Find your loan documents and read them to try to get some idea as to what will happen if you are unable to make your house payments. You should consider contacting a Certified Housing Counselor, because you may have several options. Do not be afraid to ask what each mortgage loan document means. Your housing counselor will be able to explain what is in the loan documents, as well as explain Virginia's foreclosure laws and timeframes. Be sure to take these loan documents with you when you see your housing counselor. Make certain you understand everything explained to you.
5. Understand foreclosure prevention options.
Your Certified Housing Counselor has valuable information about foreclosure prevention (also called loss mitigation) options. Be sure you understand these options when they are explained to you by your Housing Counselor. If you do not understand it the first time, do not be afraid to ask to have it explained again. Many of the concepts are complex and difficult to understand.

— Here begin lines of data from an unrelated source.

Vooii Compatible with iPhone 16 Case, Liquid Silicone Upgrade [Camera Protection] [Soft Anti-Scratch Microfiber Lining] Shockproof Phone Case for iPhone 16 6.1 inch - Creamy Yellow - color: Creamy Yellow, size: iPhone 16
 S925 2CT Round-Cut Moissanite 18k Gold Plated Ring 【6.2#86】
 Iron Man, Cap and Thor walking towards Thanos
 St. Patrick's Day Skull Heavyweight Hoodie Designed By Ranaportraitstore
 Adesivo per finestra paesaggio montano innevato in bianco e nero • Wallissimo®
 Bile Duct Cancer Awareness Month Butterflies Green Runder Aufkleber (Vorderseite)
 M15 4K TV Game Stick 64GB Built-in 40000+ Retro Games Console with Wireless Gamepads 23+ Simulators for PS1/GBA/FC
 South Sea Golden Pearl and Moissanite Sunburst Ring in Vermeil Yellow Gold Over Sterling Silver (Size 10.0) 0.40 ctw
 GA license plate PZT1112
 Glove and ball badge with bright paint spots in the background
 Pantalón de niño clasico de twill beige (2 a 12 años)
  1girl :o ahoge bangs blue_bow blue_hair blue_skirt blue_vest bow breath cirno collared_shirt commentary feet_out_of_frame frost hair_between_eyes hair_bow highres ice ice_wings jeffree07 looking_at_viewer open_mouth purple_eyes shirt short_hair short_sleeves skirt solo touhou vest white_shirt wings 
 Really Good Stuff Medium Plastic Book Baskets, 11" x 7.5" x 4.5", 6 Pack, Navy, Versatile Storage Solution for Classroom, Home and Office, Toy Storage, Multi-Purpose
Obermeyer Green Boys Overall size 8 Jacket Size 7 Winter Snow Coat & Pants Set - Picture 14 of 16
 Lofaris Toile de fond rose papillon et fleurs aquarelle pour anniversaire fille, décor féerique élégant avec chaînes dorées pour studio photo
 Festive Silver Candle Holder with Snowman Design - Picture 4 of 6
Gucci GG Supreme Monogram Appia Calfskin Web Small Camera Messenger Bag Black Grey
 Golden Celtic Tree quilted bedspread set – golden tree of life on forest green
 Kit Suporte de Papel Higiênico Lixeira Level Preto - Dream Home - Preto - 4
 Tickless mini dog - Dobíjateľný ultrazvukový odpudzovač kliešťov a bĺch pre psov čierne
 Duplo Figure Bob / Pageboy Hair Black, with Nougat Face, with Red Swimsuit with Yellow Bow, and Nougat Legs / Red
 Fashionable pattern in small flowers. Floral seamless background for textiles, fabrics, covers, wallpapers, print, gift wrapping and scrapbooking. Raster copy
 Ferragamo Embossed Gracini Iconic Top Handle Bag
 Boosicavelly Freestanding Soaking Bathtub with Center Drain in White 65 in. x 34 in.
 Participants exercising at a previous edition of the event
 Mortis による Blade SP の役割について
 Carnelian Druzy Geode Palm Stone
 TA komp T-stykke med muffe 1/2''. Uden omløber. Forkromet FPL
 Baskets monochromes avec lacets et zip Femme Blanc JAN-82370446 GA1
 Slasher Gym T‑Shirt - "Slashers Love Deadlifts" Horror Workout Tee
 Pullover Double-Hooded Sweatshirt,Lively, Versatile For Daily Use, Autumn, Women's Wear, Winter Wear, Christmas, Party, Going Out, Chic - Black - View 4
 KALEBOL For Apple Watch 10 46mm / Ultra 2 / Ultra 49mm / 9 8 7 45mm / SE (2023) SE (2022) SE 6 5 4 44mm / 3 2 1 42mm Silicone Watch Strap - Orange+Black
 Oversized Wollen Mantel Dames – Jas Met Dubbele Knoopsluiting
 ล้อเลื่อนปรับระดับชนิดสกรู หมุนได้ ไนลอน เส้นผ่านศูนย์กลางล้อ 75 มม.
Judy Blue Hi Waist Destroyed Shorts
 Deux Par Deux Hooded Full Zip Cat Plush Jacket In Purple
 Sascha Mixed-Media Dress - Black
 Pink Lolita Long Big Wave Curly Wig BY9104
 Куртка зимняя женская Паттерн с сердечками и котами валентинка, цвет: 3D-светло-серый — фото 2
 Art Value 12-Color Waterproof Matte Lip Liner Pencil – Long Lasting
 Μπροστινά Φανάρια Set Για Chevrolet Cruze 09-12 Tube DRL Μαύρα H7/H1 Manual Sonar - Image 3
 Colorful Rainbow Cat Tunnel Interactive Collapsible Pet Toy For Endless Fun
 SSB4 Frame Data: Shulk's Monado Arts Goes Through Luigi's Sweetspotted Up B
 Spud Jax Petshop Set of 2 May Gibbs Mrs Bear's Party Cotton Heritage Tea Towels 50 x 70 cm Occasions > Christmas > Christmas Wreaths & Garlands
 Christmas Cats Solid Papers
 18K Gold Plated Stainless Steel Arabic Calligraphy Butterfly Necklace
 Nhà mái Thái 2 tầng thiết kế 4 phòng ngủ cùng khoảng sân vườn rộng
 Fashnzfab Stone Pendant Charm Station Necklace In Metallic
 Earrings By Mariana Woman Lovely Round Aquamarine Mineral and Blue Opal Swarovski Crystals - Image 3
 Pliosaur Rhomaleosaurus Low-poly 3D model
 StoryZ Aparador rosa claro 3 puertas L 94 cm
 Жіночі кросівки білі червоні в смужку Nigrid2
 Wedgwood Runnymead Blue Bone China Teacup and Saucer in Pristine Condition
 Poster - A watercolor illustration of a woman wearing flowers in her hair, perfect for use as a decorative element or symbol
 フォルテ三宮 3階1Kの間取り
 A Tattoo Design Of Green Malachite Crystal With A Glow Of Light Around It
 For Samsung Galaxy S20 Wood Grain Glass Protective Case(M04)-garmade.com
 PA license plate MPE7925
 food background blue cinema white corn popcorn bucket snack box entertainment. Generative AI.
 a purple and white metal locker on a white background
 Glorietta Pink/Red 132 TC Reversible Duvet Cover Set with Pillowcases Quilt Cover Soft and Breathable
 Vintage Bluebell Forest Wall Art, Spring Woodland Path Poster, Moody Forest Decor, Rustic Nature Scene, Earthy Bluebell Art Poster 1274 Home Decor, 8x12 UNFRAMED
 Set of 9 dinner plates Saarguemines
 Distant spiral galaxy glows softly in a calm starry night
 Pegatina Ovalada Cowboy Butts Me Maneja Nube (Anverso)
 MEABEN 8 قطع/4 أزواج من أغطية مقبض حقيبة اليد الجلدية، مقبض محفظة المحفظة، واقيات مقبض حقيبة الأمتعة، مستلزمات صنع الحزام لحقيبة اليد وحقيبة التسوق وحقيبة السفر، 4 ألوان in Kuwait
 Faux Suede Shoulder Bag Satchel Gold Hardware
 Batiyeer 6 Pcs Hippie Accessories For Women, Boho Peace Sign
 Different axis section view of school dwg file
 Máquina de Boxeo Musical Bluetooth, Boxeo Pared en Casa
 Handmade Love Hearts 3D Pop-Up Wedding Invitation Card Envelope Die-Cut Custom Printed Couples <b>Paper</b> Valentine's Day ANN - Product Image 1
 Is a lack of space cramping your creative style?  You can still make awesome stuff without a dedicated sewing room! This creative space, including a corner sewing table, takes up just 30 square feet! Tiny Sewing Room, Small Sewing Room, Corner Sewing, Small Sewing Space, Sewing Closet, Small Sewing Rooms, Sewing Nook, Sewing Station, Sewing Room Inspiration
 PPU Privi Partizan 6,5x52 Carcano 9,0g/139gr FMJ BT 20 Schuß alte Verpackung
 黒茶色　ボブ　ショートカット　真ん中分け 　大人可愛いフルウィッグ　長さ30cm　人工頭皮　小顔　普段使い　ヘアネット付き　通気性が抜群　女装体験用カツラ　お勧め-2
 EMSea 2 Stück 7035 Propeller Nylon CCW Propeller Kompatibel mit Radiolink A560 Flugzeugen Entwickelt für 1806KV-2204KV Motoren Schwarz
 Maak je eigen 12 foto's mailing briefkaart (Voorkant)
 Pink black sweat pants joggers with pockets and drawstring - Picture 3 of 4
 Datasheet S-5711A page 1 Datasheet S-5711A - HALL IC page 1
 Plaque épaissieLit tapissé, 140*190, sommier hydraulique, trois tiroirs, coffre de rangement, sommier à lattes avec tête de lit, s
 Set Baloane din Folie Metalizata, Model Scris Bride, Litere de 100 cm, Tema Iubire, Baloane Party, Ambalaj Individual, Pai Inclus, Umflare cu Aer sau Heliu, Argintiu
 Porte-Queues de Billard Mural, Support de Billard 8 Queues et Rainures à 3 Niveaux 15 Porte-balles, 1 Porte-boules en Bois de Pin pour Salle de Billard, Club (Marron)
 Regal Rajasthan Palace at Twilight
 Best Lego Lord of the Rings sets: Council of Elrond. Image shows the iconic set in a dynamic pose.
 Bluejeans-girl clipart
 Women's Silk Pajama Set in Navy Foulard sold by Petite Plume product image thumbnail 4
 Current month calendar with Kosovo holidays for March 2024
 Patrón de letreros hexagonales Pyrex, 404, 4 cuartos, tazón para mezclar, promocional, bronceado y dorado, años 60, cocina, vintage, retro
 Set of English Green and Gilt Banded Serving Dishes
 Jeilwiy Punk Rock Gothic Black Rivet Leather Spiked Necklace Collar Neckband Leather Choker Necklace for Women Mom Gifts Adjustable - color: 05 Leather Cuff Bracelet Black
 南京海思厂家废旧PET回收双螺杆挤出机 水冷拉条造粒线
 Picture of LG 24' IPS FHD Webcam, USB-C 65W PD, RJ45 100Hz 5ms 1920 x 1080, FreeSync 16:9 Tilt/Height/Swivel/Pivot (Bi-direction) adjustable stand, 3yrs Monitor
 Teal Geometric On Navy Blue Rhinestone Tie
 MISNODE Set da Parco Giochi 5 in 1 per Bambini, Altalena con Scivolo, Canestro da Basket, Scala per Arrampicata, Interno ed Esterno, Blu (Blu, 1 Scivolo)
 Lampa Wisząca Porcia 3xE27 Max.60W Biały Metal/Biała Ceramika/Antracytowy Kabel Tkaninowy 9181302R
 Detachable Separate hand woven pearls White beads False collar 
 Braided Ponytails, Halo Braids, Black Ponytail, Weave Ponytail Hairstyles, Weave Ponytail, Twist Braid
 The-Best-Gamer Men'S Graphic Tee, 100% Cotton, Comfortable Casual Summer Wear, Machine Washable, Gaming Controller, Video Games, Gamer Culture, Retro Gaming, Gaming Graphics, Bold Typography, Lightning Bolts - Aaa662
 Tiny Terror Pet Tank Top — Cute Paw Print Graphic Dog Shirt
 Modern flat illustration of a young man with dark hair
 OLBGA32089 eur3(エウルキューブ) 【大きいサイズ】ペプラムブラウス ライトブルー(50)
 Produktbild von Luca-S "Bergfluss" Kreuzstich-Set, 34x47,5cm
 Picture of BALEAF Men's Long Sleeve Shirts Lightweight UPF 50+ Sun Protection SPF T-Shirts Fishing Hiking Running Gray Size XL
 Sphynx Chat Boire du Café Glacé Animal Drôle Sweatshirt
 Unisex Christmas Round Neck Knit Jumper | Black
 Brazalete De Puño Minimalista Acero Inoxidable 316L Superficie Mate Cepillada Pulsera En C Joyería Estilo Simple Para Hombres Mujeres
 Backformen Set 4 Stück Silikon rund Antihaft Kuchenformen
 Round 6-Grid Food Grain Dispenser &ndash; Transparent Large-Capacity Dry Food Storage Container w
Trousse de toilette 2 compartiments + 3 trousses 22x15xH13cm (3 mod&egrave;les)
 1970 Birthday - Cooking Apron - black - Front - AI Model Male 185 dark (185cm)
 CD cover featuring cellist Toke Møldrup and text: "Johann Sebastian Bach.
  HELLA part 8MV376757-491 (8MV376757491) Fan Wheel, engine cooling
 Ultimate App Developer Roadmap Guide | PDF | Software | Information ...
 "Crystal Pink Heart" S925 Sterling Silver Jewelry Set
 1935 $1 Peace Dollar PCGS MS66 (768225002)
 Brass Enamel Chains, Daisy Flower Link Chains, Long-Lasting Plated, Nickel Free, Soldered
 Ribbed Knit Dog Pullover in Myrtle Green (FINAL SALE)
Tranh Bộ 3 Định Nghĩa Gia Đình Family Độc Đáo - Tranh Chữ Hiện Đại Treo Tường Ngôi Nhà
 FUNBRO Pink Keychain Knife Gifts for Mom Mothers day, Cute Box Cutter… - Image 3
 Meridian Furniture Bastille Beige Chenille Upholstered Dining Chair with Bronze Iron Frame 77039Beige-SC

6. Prioritize your spending.
After healthcare, keeping your house should be your first priority. Review your finances and see where you can cut spending in order to make your mortgage payment. Look for optional expenses--cable TV, memberships, entertainment--that you can eliminate. Delay payments on credit cards and other "unsecured" debt until you have paid your mortgage. Your Certified Housing Counselor will help you put together a spending plan. Initially, it will be a "crisis spending plan". Once you are able to get some cash together to start paying back your delinquent payments, you and your housing counselor will work together to development a more stable spending plan.
7. Use your assets.
Do you have a second car, jewelry, whole life insurance policy or other assets-that you can sell for cash that can be used to help reinstate your loan? Can anyone in your household get an extra job to bring in additional income? Even if these efforts don't significantly increase your available cash or your income, they demonstrate you are willing to make sacrifices to keep your home. Your housing counselor will give you more tips on how to tighten your spending.
8. Avoid foreclosure prevention companies.
You don't need to pay fees for foreclosure prevention help. Instead,-use that money to pay your mortgage. Many for-profit companies will contact you, promising to negotiate with your lender. While these may be legitimate businesses, they will charge you a hefty fee (often two or three month's mortgage payment) for information and services provided free by your Certified Housing Counselor.
9. Don't lose your house to foreclosure recovery scams!
If any firm claims they can stop your foreclosure immediately if you sign a document appointing them to act on your behalf, don't do it. You may well be signing over the title to your property and becoming a renter in your own home! Never sign a legal document without reading and understanding all the terms. If there is any doubt at all, get assistance from a Certified Housing Counselor.
10. Don't ignore the problem.
The longer you wait to get help, the harder it will be for a Certified housing counselor to assist you. Losing your home may be the price you pay for thinking something will come along to fix everything. Action is what will make that happen.